Mas voltando ao início da minha fala: 4'33'’, como eu já disse, foi apresentada pela primeira vez em 1952 e é a composição pela qual Cage é mais lembrado, o que é incrivelmente simbólico, já que é a única em que ele não propõe que se toque nada, nem pianos, nem patos de borracha, nem jarros d’água. Nessa composição existe a influência do zen budismo, mas existe também a constatação do mundo moderno, dos ruídos que nos cercam, da onipresença de um mundo cada vez mais repleto de pessoas e máquinas. O último apartamento em que Cage viveu, junto com Cunningham, foi um apartamento em uma esquina da rua 18 com a sexta avenida em Nova York, um lugar extremamente movimentado, repleto de ruídos e barulhos de todo tipo. Em uma entrevista já no fim da vida (Cage morreu em 1992, um dia depois de ter tido um derrame) ele fala sobre esse apartamento e sobre como era estimulante viver ali e nunca ter silêncio de nenhum tipo. E é por isso que penso que 4'33'’ não fala de silêncio, mas de disponibilidade para escutar os ruídos que nos cercam.

Além disso, tem outra coisa que me intriga nessa composição: o próprio tempo. Se você pensar bem, 4'33" é um tempo bem pequeno pra algumas atividades. Se você for ao banco e o tempo de espera na fila for de apenas 4'33", você vai ficar muito feliz, pois o atendimento foi rapidíssimo. Mas ficar numa sala de concerto, durante 4'33", esperando algo acontecer quando aparentemente nada está acontecendo, é insuportável.

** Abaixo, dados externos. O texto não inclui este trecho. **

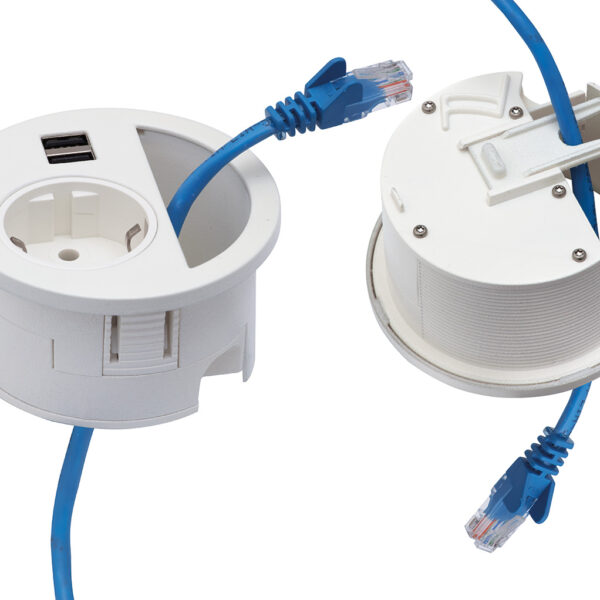 Kenson circle80 – hvit 1x stikk 2x usb a+c 2.1a, gst18 - Bilde 7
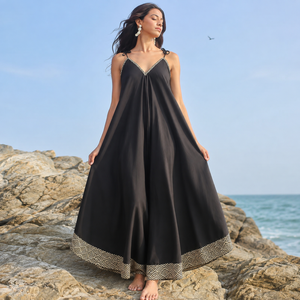 Women's <b>Black</b> Boho <b>Kaftan</b> Maxi <b>Dress</b> V-Neck Batwing Sleeves Contrast Hem 100% Cotton Breathable Lightweight Summer Beach Casual - Product Image 4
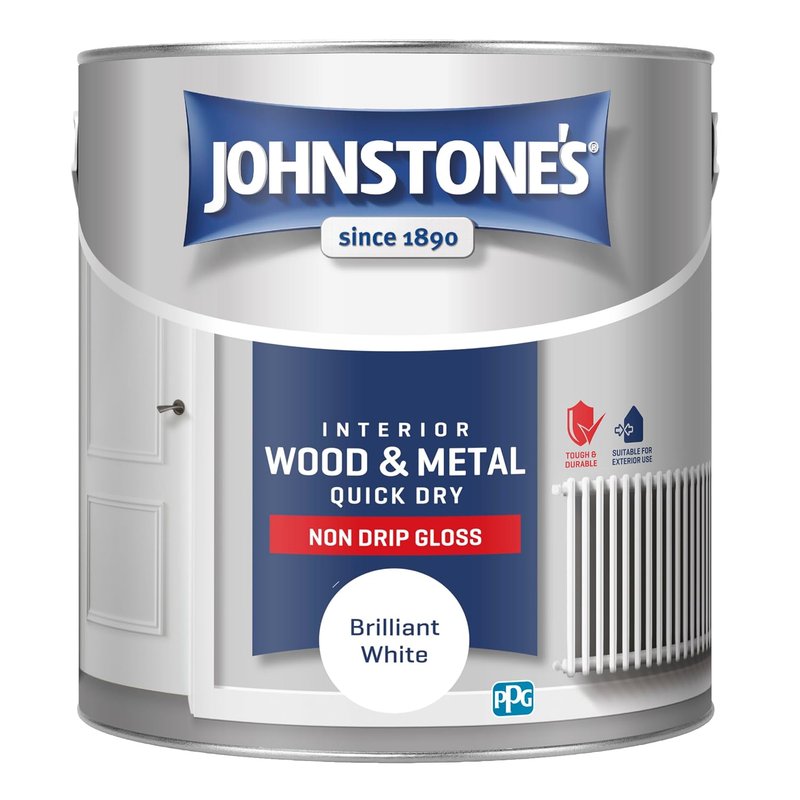 Johnstone’s - Quick Dry & Non Drip Gloss Paint for Wood & Metal - Brilliant White | Interior & Exterior | Low Odour, Water-Based Formula, Dry in 1-2 Hours | 10m2 Coverage per Litre | 2.5 L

É insuportável ter que parar e observar as coisas ao nosso redor. É insuportável ter que lidar com a ansiedade e com a esperança de que algo surpreendente aconteça. É insuportável ter que simplesmente esperar e ouvir; ouvir a ausência de silêncio.

Mas, olha, são só 4'33"!

Na verdade, não. É mais do que isso. É o tempo de uma vida inteira, condensado em um experimento que, semelhante a ideia do eterno retorno de Nietzsche, nos coloca diante da mais difícil questão: nós aceitamos ser o que somos?

Então, finalizando esse episódio, eu te proponho um experimento, muito simples. Você deve ficar 4'33" sem fazer absolutamente nada além de escutar tudo o que está acontecendo perto de você. Então, será que você consegue? Tenta e me deixa um comentário dizendo como foi. Eu queria colocar 4'33'’ de silêncio aqui nessa faixa, mas vi dia desses que alguém foi notificado no Soundcloud por ter feito isso e o Soundcloud tirou a faixa do ar, por uso ilegal da composição 4'33'’ de John Cage, ou seja, por uso ilegal do silêncio.

Mas você não precisa de um silêncio que não existe para tentar fazer o que eu te pedi. É só começar. E pode ser… agora.